Читаем И остался Иаков один полностью

Р. Н. - Твоя мысль о том, что в разных национальных традициях путь к плюрализму разный, вызывает мое сочувствие. Впрочем, пример с евреями показался мне не очень убедительным. Такой диалог действительно существовал в еврейской религиозной традиции, но постепенно угас. Он был в какой-то степени подхвачен в сионистской традиции, но сейчас исчезает и в ней. Вместо диалога мы сейчас видим одну лишь взаимную глухоту и взаимную нетерпимость. Как будто маятник качнулся в сторону той части нашей национальной психологии, которая ближе к тотальности. Но я хотел спросить о другом. Не упускаешь ли ты из виду, что у Берлина речь идет о психологии, об убеждениях разных людей, для которых действительно нет общей истины? Или, как говорит Берлин: у каждого своя высшая ценность. И поскольку в человеческом мире, в отличие от научного, нет согласия насчет абсолютной истины, мы вынуждены с этим считаться. Это верно для любых обществ, любых национальных традиций. Люди разные. Ценности разные. И если люди не хотят перерезать друг другу глотки, они должны как-то договариваться. Согласен, это тривиально, но это, в сущности, идея некоего социального контракта. Не проступает ли она повсюду, просто под разными национальными масками? Пути разные, но результат один?

А. В. - Нет. Она не может проступать повсюду, потому что она на самом деле не может обеспечить в других культурах никакого сносного существования.
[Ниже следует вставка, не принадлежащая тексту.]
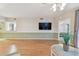 Open-concept living room with neutral color palette, hardwood floors, and adjacent pass-through bathroom at 2625 Terra Ceia Bay Blvd # 406, Palmetto, FL 34221
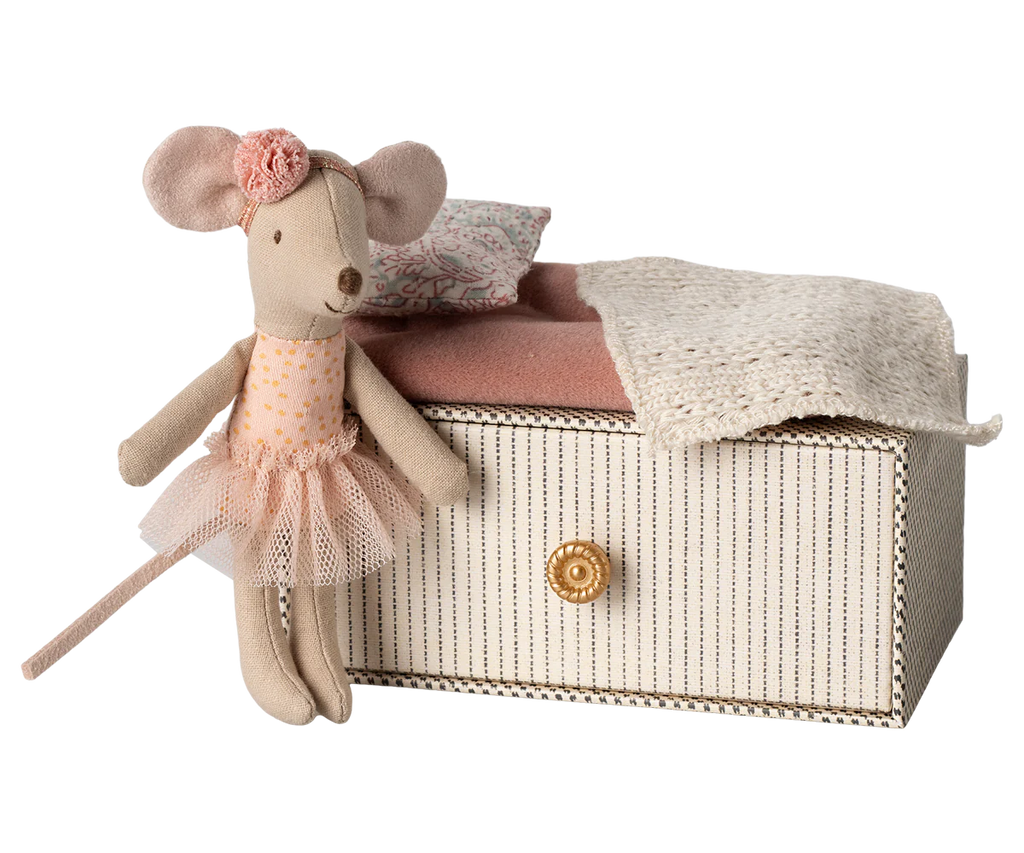 The Maileg Dancing Mouse in Daybed is dressed in a tutu and floral headband, appearing ready for a dance lesson, while standing beside a compact striped box featuring a round, gold-colored knob. The box is beautifully decorated with a pink cushion and a cream-colored knitted blanket.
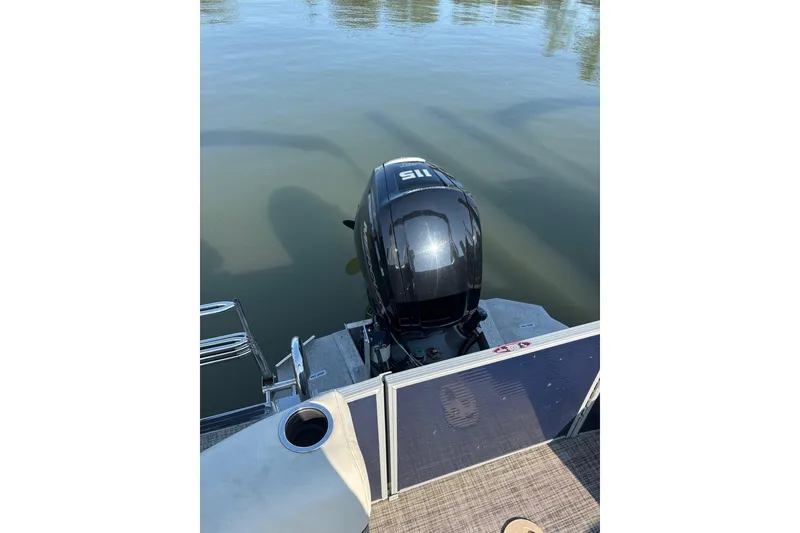 Slide: The Image of 2023 Cypress Cay Seabreeze 232 boat with outboard motor on calm water. - 10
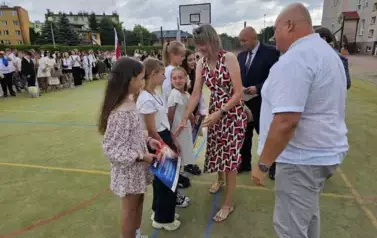 Radni i nauczyciel wręczają nagrody uczniom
Ты сказал "если люди не хотят перерезать друг другу глотки" - но они хотят, и это скорее норма, чем отклонение. Ведь вот Берлин сам, в своем интервью о России и "кривом дереве человечества", говорит, почему погибла русская либеральная традиция. Он утверждает, что она была достаточно сильна. И тем не менее она погибла. Большевики были достаточно слабы. И тем не менее они победили. Он объясняет это тем, что русские либералы отказались применять насильственные методы. И он их за это уважает. А я не уважаю и скорее согласен с Солженицыным, который обвиняет их за это в национальном предательстве. Эта их "верность" принципам либерализма обошлась русскому народу не только в десятки миллионов жертв, но и еще в десятки лет будущих смут. Фактически их отказ от насилия в 1917 году означал признание законности насилия большевиков.

Впрочем, я не согласен с обоими. И. Берлином и А. Солженицыным, в их переоценке силы либерального крыла. Они были фактически обречены, потому что этой силы у них не было, а поэтому не стоит их и обвинять. Но мы говорили о принципах.

Вот английские либералы при всем своем либерализме от насильственных методов не отказываются! Маргарет Тэтчер может приказать убить шестерых террористов, и ничего. Почему? Потому что она знает, что такое грех и что такое покаяние. Она сознает, что такое убийство - практическая необходимость, исключение - и что это грех. Она готова покаяться, но она знает и то, что человек безгрешным не бывает. Русский человек в той же ситуации компромисса просто не признает: либо он согрешил и тогда уж погиб навеки, либо он останется святым. И вот эта крайность, характерная, кстати, не только для России, не дает русскому обществу выжить по схеме Берлина. Либералы отказываются "согрешить" даже немного, даже когда это диктуется настоящей практической необходимостью, а в результате весь русский народ оказывается жертвой ничтожной группы большевиков, которая считает себя абсолютно добродетельной.

Р. Н. -Таким образом, ты утверждаешь, что русская традиция исключает, или во всяком случае до сих пор исключала, поведение в духе "либерального либерализма" Исайи Берлина. Означает ли это, что она всегда будет его исключать? Тогда у России как 6\'дто бы не остается вообще путей к плюрализму, к демократии и так далее...

А. В. - Мне кажется, я могу ответить на этот вопрос. В реальных рамках нельзя вообще употреблять слова "всегда" или "никогда". Нам доступен лишь небольшой кусок истории. Мы не можем предвидеть, что изменится в результате столетий. Традиция, сложившаяся в России, такова, что пока не видно, чтобы русская ментальность приближалась к английской. Можно зато увидеть, как она приближается к сравнительно либеральным немецким, французским или испанским образцам, для которых плюрализм оказывается, после многих мучений, все же достижимым.